ただし、ハードウェアによるレイトレーシングを実現しているのは、いまのところNVIDIA社のRTXシリーズのみである。RTX 2080 Ti(借り物である)を用いて、マイクロソフトが公開しているサンプルコードを動かしてみた。
レイトレーシングとは、3Dグラフィックスの一手法で、光線の経路を計算していくことでグラフィックスを作成する。映画などで使われているいわゆるコンピューターグラフィックス(CG)は、基本的にはこのレイトレーシングを使って描画されている。
ただし、レイトレーシングには膨大な計算量が必要であり、映画などでは1フレームの描画を長い時間をかけて描画(オフライングラフィックスという)し、これを動画にしているので、高品質になる。
一方でゲームなどで使われるレイトレーシングは、1/30秒や1/60秒以内に描画を完了させる「リアルタイムグラフィックス」である。このため、映画ほどの品質にはならないものの、映り込みや影の輪郭がより本物らしくなる。
これまでのコンピューターのリアルタイムグラフィックスは、簡単に言うと、お芝居の書き割りを作って、その表面をそれらしく見えるようにするものだった。このために、影などは最も明るい光源の位置と途中にある物体の形、そして影が映り込む面の情報などからそれらしいものを計算して作っていた。一方でレイトレーシングは、光の経路をきちんと計算するため、たとえば、壁や床などからの照り返しをきちんと反映させることができるため、より現実に近い表現が可能になる。
Windowsでも標準サポートされることで
普及に向けての素地はできあがった
DXRはNVIDIAのRTXシリーズを前提に作られている。これまでもDirectXのアーキテクチャーは、NVIDIAやAMDのハードウェアに搭載される機能をベースに作られてきた。DRXは、簡単にいうとRTXのアーキテクチャーを抽象化したモデルを操作するAPIセットである。

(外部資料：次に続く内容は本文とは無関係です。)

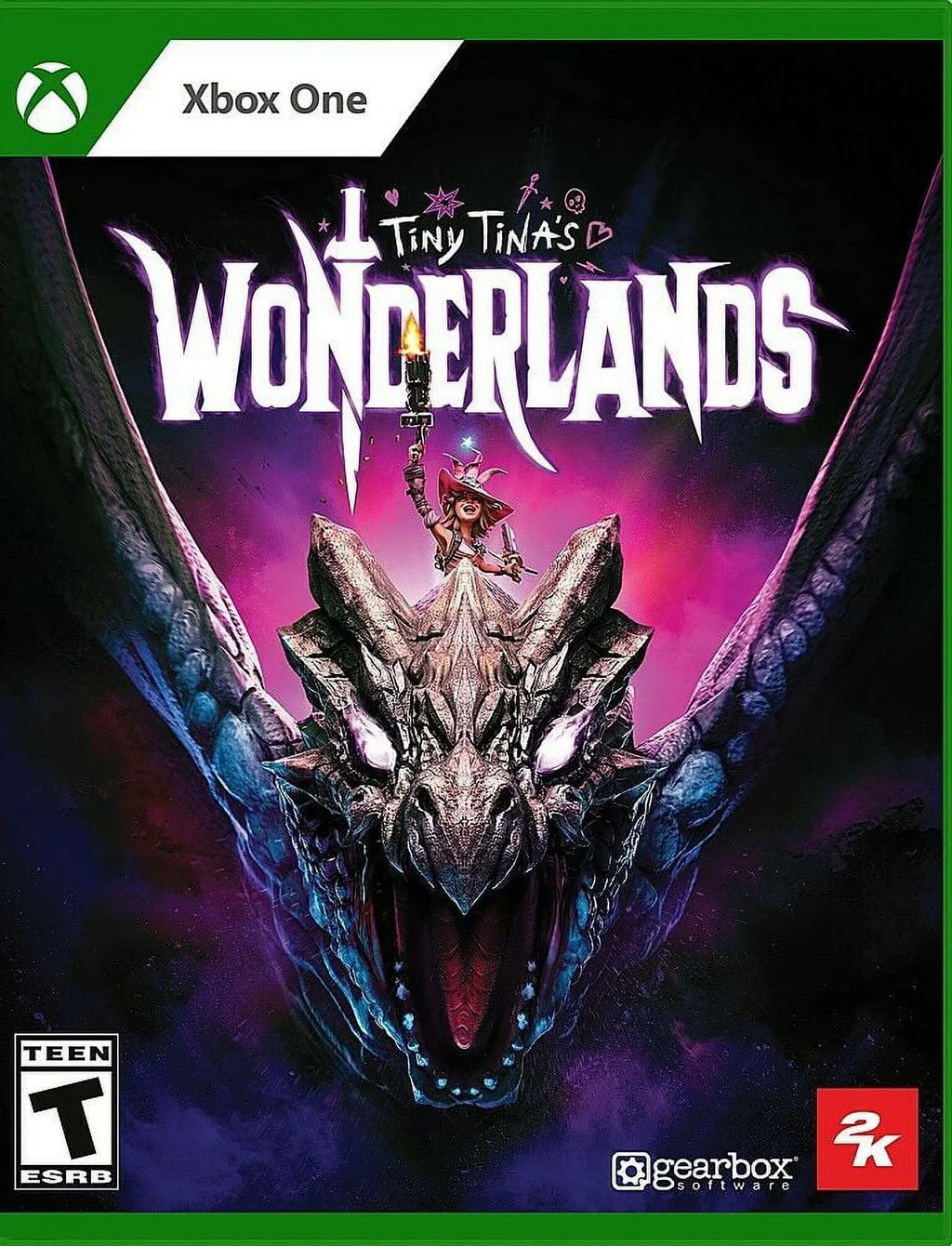 Tina's Edition Xbox One Tiny Standard - Wonderlands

DXRの登場により、Windowsのアプリケーションは、レイトレーシングを一定のモデルとして扱えるようになる。今後、ハードウェアの拡張や強化が進んでも、ソフトウェアはそのまま動作し続けることができる。ただし、DXRとして標準的になったといって、世間がハードウェアレイトレーシングを受け入れるかどうかは未知数だ。これまでも、DirectXに組み込まれたハードウェア機能で、それほど普及しなかったものもある。しかし普及するには、DXRなどのようにWindowsの標準的な機能になることは必須である。
前述したように、Windows 10 RS5に搭載されたDXRを利用するには、現時点ではRTXシリーズが必須である。ハードウェアレイトレーシング機能を持たないGPUでは、そもそもDXRを動作させることができない。

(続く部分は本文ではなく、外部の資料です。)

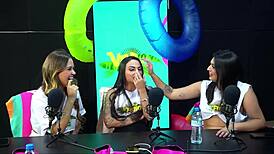 Measuring Pussy Sizes Of Hot Amateurs In California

ただし、プレビュー版の時点では、そもそもRTXシリーズが出荷されていなかったため、Fallback Layerと呼ばれる機能が利用できた。これはソフトウェアとハードウェアレイトレーシング機能のないGPUを利用して、レイトレーシングを実行する機能である。マイクロソフトが提供しているサンプルコードには、このFallBack Layerが組み込まれるため、RTXシリーズがなくてもDXR対応プログラムを実行できる。
それでも、筆者が試した範囲では外付けGPUが必須で、CPU内蔵のGPU(Intel HD Graphicsなど)ではこのFallbackがエラーとなって動作しなかった。NVIDIAのGTX1070ならば、フレームレートは落ちるもののDXRを動作させることができた。
なお、このFallback LayerはWindows 10 RS5には含まれておらず、DXR対応のソフトウェアが自分で対応する必要がある。そもそもハードウェアで高速化に動作することが前提のハードウェアレイトレーシングなので、ソフトウェアによるエミュレーションで、実用的に動作するかどうかは疑問だし、インテルなどのCPU内蔵GPUでは動作できないのでは、入っている意味がなさそうだ。もちろん将来的には、Fallbackが標準で搭載される可能性はありえる。